CHAPTER II. INTERPRETATION OF HISTORICAL HEROES IN THE ENGLISH LITERATURE
II.1. The image of the "tragic glass"
In 1587, Christopher Marlowe, William Shakespeare's contemporary and one of the star playwrights of the English Renaissance, produced a daring and thrilling play focusing on the triumphs of a Turkic king. Famous for adeptly incorporating the style of blank verse (unrhymed iambic pentameter) into English drama, the play was so popular that Marlowe was compelled to write a sequel including Tamburlaine's and his wife's deaths. Together, the plays became known as Tamburlaine the Great. Poetically captivating, as forceful and powerful as Tamburlaine the character, Marlowe's verse in these works marks a major shift from the conventional, low comic style of other Renaissance works. The plays are not a straightforward glorification of Tamburlaine's violent conquests, since Marlowe frequently highlights his protagonist's excessive brutality and hubris, or excessive pride. However, their directness and eloquence make it difficult not to admire Tamburlaine, both for his rhetorical power and his lifelike animation.

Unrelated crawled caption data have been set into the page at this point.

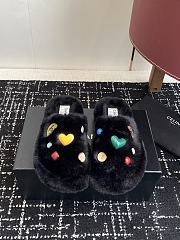 Colestore Chanel Classic Four-Season CC Furry Slippers Black - 1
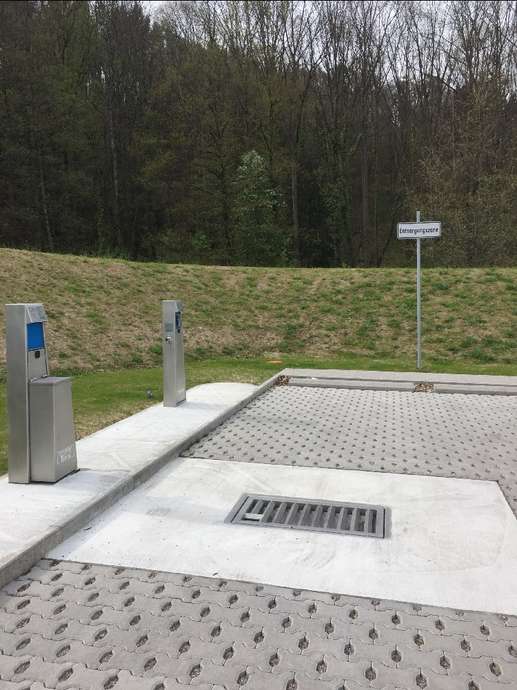 Einem Ort wurde ein Foto hinzugefügt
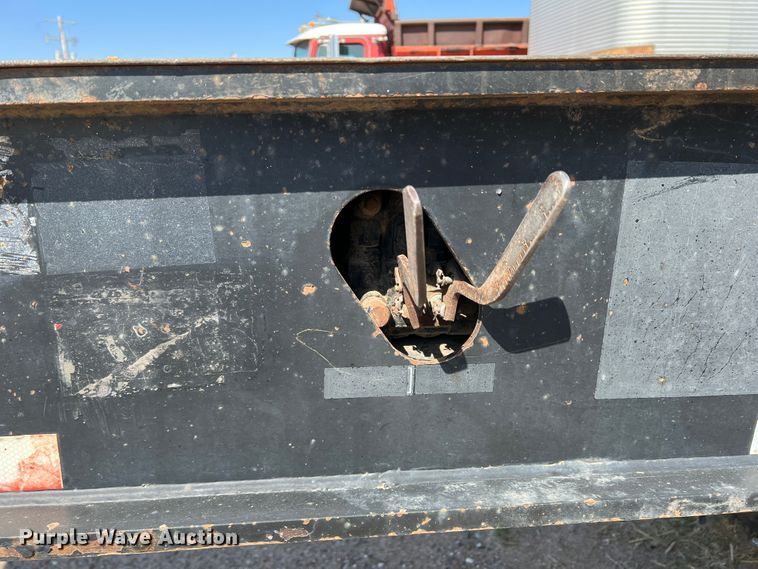image for item DR1369 1999 Talbert T3DW-50SA-HR6-1-T1  lowboy equipment trailer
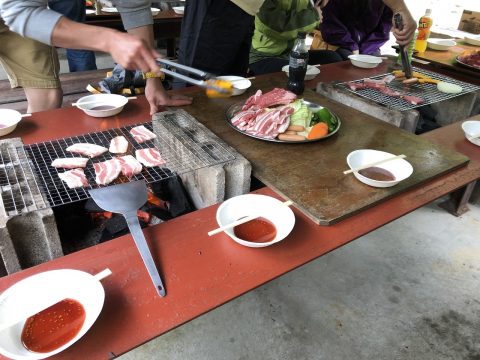 お昼はBBQ！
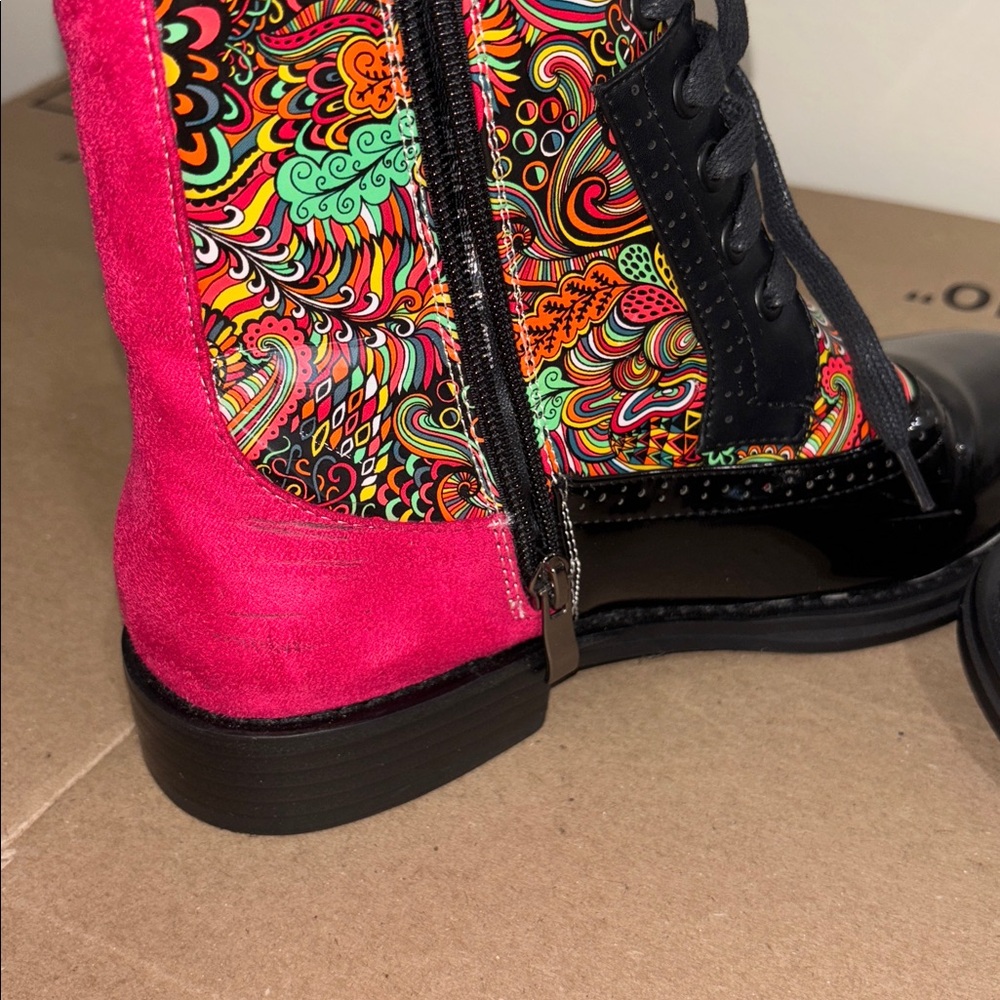 Colorful Paisley Women's Boots size 6 - Picture 6 of 13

Alongside Tamburlaine's ceaseless conquests and their implications about war and politics run more general themes of desire, ambition, and power. Marlowe uses his portrayal of Tamburlaine's capture, betrothal, marriage, and ultimate loss of his wife Zenocrate, the daughter of the Egyptian sultan, to highlight these themes in another context, questioning the true nature of his hero's romantic passion. The plays also comment on ideas of fatherhood and masculinity by way of
Tamburlaine's expectations of his sons, including his cruel treatment and murder of his son Calyphas, whom he considers a coward. Marlowe develops all of these themes through his skillful and unique use of language, which is why he is considered perhaps the most important stylistic innovator of the period. Originally published in 1590, the plays are now available in modern editions with notes and introductory material, such as the New Mermaid edition, Tamburlaine the Great: Parts I and II, published by Ernest Benn Limited in 1971.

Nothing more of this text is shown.